Stored records
-.-.-
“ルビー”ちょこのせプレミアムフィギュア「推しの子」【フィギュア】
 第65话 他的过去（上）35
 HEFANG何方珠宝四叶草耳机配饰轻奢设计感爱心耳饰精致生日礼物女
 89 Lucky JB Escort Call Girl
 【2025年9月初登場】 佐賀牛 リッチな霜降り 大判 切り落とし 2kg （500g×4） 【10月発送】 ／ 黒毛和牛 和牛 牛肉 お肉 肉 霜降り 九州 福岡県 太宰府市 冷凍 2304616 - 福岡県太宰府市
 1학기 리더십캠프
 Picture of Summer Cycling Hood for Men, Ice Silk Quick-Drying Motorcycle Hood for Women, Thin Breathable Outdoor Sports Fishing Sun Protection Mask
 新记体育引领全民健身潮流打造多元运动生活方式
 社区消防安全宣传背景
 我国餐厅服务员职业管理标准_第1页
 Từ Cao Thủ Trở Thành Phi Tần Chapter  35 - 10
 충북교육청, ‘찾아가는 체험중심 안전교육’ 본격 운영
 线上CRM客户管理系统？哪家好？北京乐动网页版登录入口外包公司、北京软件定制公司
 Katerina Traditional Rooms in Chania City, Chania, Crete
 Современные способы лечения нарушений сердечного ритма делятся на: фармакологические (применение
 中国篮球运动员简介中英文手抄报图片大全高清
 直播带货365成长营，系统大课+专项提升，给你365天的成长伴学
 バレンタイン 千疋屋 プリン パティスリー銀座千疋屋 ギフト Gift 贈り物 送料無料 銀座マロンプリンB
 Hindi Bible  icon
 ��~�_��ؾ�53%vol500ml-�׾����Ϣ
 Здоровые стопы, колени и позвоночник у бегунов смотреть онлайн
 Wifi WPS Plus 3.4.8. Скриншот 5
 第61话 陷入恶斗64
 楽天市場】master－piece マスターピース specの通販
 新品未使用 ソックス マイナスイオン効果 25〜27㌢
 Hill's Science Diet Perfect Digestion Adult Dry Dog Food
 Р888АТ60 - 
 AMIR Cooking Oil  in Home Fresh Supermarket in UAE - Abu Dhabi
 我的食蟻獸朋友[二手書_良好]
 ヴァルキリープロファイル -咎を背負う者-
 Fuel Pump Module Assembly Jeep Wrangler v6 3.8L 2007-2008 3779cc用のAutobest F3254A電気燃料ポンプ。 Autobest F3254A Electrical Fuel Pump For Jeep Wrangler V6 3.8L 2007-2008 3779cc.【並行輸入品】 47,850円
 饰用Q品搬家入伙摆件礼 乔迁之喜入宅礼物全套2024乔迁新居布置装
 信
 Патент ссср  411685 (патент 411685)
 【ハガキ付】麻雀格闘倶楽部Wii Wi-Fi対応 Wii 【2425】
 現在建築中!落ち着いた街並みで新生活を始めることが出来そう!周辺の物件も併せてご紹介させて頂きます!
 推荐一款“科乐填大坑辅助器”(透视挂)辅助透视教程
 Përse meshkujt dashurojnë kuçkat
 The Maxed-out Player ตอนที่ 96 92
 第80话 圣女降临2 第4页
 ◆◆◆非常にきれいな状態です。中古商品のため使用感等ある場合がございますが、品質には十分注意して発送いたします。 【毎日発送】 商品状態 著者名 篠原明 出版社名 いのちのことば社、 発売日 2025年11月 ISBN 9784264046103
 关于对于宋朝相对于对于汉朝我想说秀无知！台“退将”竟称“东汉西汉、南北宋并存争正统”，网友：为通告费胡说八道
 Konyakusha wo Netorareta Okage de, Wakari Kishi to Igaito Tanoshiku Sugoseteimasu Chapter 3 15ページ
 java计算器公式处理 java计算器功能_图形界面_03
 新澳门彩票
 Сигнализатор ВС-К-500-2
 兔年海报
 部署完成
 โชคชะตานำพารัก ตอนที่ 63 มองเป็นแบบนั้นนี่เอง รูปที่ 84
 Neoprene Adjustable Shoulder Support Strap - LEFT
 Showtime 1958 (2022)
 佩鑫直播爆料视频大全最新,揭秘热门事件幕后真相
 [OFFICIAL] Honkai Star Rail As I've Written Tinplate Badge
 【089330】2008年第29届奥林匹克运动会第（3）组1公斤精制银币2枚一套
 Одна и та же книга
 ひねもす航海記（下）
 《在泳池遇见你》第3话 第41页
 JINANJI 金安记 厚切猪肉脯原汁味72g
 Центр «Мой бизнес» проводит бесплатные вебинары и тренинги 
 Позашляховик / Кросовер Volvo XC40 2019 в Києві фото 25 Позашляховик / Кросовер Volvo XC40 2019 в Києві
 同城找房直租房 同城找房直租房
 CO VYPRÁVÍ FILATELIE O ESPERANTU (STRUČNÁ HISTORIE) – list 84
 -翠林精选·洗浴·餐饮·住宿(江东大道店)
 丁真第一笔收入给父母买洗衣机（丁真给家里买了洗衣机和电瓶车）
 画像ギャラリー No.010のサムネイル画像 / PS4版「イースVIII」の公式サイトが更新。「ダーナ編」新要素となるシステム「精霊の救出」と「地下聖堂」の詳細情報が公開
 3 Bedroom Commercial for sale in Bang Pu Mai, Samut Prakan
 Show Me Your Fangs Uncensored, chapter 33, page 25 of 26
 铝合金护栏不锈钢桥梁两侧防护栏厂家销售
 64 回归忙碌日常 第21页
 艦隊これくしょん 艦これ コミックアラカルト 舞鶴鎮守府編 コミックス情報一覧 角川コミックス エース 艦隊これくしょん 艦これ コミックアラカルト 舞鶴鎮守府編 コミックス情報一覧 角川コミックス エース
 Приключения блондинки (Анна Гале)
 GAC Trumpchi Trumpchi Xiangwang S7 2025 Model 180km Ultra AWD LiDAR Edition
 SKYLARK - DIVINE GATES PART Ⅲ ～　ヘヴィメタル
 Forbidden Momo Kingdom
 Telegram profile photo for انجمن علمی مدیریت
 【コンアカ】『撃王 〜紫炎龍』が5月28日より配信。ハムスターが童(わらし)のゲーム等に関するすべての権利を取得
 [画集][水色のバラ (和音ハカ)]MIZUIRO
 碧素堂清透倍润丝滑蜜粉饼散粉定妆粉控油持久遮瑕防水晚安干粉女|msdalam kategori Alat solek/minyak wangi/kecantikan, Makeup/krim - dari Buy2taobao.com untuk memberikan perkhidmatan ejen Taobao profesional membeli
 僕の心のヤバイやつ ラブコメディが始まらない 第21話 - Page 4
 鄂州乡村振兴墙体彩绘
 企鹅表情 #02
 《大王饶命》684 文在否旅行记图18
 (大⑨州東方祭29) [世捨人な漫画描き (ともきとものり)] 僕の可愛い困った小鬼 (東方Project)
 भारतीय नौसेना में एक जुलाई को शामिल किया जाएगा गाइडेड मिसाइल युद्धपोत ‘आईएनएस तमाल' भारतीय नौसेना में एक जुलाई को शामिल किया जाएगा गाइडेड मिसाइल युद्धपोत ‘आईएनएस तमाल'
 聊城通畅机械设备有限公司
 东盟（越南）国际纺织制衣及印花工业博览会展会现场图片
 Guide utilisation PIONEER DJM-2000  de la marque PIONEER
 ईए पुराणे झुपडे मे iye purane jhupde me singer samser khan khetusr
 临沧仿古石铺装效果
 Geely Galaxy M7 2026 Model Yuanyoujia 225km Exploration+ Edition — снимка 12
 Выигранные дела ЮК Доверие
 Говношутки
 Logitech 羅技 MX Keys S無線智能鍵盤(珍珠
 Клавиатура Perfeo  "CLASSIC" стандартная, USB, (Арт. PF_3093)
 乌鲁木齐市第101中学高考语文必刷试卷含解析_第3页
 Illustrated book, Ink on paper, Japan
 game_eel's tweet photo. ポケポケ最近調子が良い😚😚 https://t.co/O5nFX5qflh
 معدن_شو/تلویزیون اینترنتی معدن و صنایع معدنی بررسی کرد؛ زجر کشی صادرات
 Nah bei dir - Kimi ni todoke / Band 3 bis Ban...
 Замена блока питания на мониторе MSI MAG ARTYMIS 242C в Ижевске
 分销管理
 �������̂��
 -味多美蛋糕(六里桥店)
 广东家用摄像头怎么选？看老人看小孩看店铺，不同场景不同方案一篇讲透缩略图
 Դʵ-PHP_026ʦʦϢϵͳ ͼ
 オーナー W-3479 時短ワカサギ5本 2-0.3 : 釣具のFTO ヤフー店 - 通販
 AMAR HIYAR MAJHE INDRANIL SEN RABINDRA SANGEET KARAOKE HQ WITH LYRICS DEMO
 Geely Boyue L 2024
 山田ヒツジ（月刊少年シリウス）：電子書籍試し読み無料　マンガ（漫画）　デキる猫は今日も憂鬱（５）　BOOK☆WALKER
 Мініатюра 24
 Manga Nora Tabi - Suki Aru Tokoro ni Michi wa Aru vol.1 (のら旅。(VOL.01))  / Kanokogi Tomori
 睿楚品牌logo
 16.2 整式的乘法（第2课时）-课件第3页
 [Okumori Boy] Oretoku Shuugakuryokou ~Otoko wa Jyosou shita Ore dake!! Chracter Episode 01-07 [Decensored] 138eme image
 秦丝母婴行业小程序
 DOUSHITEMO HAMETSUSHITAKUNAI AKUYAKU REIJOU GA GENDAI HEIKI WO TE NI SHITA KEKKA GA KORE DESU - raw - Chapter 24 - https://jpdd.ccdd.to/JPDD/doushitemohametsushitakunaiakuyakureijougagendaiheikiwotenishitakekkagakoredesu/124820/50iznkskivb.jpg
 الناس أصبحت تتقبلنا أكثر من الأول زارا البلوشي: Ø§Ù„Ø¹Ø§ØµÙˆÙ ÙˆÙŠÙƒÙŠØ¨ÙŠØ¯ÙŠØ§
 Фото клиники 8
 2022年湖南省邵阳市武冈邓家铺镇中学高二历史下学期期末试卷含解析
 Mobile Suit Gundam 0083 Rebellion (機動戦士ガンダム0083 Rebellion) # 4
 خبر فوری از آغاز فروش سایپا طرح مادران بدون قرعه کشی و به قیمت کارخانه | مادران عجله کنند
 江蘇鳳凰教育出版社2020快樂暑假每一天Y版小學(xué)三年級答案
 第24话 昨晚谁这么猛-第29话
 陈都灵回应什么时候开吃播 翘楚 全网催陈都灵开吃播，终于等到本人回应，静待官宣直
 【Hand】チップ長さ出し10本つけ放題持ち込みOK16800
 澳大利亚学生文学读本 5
-.-.-
• _TASK_: Give back the records above exactly, limited to the lines between the one holding "僕の心のヤバイやつ ラブコメディが始まらない 第21話 - Page 4" and the one holding "乌鲁木齐市第101中学高考语文必刷试卷含解析_第3页", inclusive.

• _PROBLEM SOLUTION_:
 僕の心のヤバイやつ ラブコメディが始まらない 第21話 - Page 4
 鄂州乡村振兴墙体彩绘
 企鹅表情 #02
 《大王饶命》684 文在否旅行记图18
 (大⑨州東方祭29) [世捨人な漫画描き (ともきとものり)] 僕の可愛い困った小鬼 (東方Project)
 भारतीय नौसेना में एक जुलाई को शामिल किया जाएगा गाइडेड मिसाइल युद्धपोत ‘आईएनएस तमाल' भारतीय नौसेना में एक जुलाई को शामिल किया जाएगा गाइडेड मिसाइल युद्धपोत ‘आईएनएस तमाल'
 聊城通畅机械设备有限公司
 东盟（越南）国际纺织制衣及印花工业博览会展会现场图片
 Guide utilisation PIONEER DJM-2000  de la marque PIONEER
 ईए पुराणे झुपडे मे iye purane jhupde me singer samser khan khetusr
 临沧仿古石铺装效果
 Geely Galaxy M7 2026 Model Yuanyoujia 225km Exploration+ Edition — снимка 12
 Выигранные дела ЮК Доверие
 Говношутки
 Logitech 羅技 MX Keys S無線智能鍵盤(珍珠
 Клавиатура Perfeo  "CLASSIC" стандартная, USB, (Арт. PF_3093)
 乌鲁木齐市第101中学高考语文必刷试卷含解析_第3页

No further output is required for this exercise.